The Providence Journal / Bloomberg - September 6, 2008
The Internal Revenue Service gave 45 companies, including Providence-based Textron Inc. as well as utilities and banks, an extra month to decide whether to settle disputes over their use of a leasing tax shelter ruled improper by several courts.
In exchange for terminating the transactions, known as lease-in, lease-out or sale-in, lease-out deals, the companies can keep 20 percent of their savings and the IRS will waive some penalties.
The settlement offer involves shelters such as the one used by Wachovia Corp., which an appeals court ruled against in April. The bank said the ruling would cost it $975 million in back taxes.
The tax agency, in an announcement on its Web site, said companies have 60 days to respond to an offer letter it began sending on Aug. 6. The extension from 30 days was granted “to provide taxpayers with sufficient time to evaluate the offer,” the Web site says.
Under the terms of the IRS’ offers, the companies must use their best efforts to terminate the transactions by Dec. 31. In some cases, the IRS will give taxpayers until Dec. 31, 2010, to unwind the deals.
Companies must agree to concede 80 percent of all deductions associated with the transactions for taxes due in years before 2008. In exchange, the IRS won’t tax certain income generated by the transactions for the same years.
An IRS release said the government won’t agree to settle any of a taxpayer’s shelter-related tax issues unless the bank or company accepts the settlement terms for all of its lease transactions.
Companies have been trying to decide whether to accept the settlement or take their chances in court, said Ralph Izzo, chief executive officer of one of the 45 targeted companies, Public Service Enterprise Group Inc., owner of New Jersey’s largest utility. The IRS has scored victories in federal courts against BB&T Corp., Fifth Third Bancorp and KeyCorp.

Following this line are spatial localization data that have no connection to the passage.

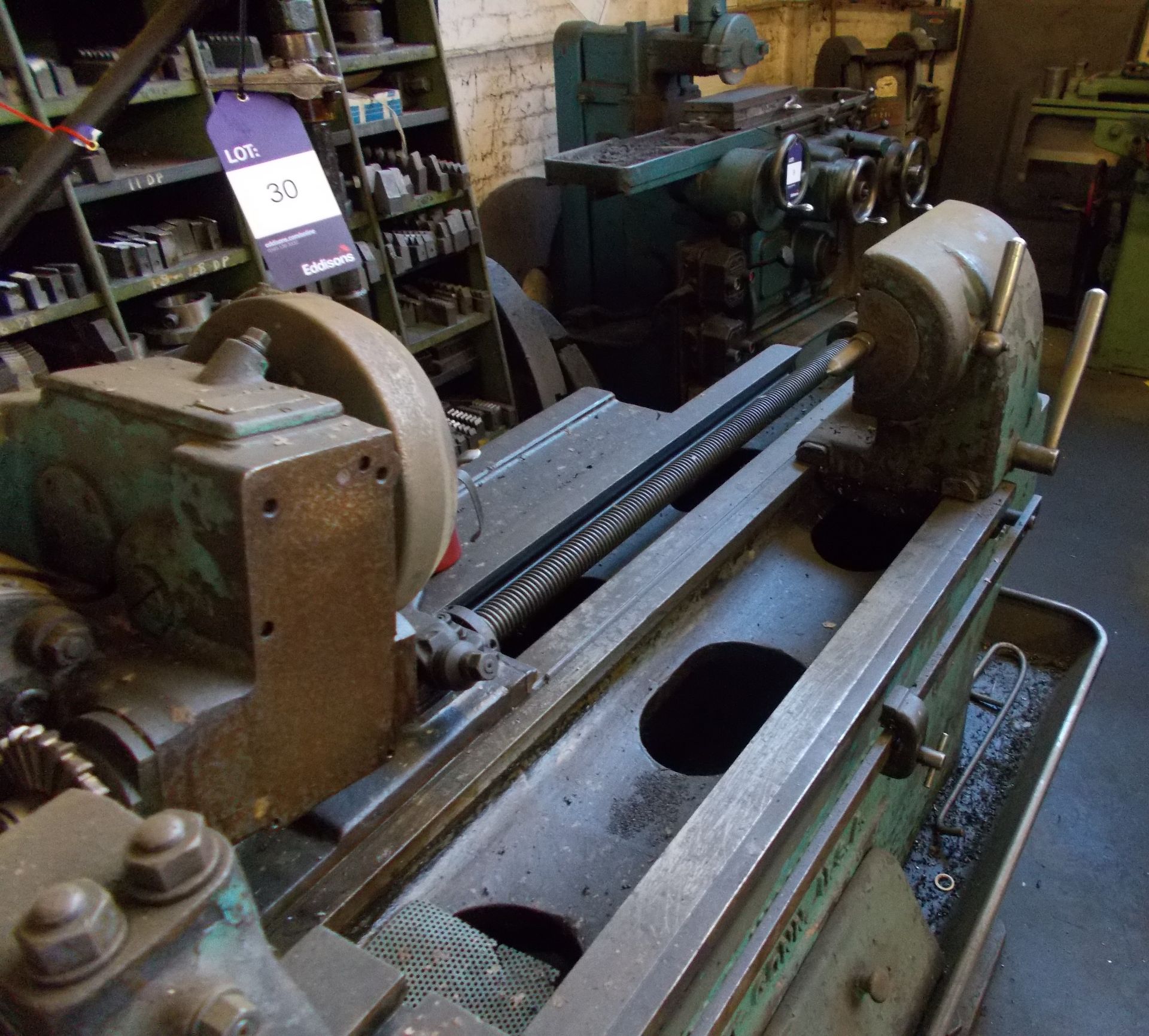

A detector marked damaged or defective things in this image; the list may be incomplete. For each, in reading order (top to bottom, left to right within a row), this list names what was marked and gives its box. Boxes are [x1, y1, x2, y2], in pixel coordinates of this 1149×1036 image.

rusted bolt [18, 606, 94, 675]
rusted bolt [124, 809, 220, 905]
rusted bolt [15, 882, 127, 988]
rusted bolt [194, 988, 263, 1036]
rusted bolt [859, 965, 891, 1006]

Izzo said at an investor conference that, in his company’s case, taking the settlement may exceed cash reserves it has set aside.
The settlement offer affects a “broad range of companies,” Shulman said last month. In addition to banks, companies such as Altria Group Inc., the largest U.S. tobacco company, and Textron, maker of Cessna aircraft, engaged in the transactions.

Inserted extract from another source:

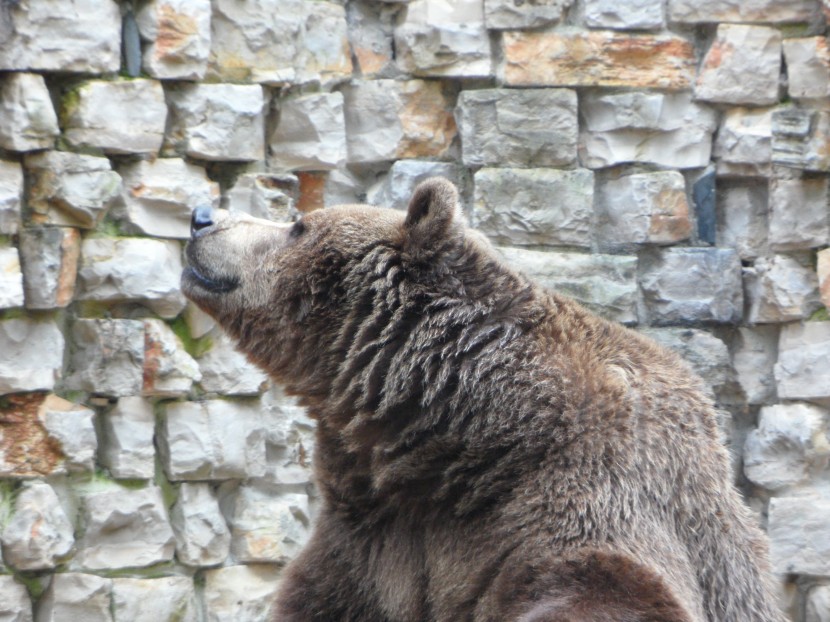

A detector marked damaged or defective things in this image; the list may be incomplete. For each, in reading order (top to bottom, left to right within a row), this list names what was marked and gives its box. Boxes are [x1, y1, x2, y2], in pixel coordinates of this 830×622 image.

rusty orange stone [504, 30, 700, 90]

The tax shelters, known by the acronyms LILO and SILO, entail letting banks or other companies to buy subway cars or other public assets and lease them back to cities or transit authorities. The banks and companies claimed tax deductions, such as depreciation on the equipment.

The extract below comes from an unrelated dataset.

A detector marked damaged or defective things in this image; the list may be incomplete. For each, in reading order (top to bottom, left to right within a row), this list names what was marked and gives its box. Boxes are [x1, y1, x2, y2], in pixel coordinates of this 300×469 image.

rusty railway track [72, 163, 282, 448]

The leasing arrangements provided revenue to cities, transit systems, airport authorities and other municipal services.
Promoters of the transactions, such as Brussels-based Dexia SA, told clients that the arrangements would let buyers save on taxes as the assets depreciated, although the companies wouldn’t own or operate the equipment or services. The IRS challenged the arrangements in court, saying the purchase-and-lease transactions were shams designed to produce tax deductions on assets that the banks and companies never truly owned.
From 2001 to 2003, at least 16 U.S. companies bought transportation assets from cities through 35 leasing agreements. Other companies sought tax breaks by leasing municipal services, such as sewer lines in Germany and the Alamodome arena in San Antonio, as well as emergency 911 call centers in Chicago and air-traffic-control systems in Australia, Canada and France.
Shulman said about 1,000 separate transactions could be unwound as a result of the settlement.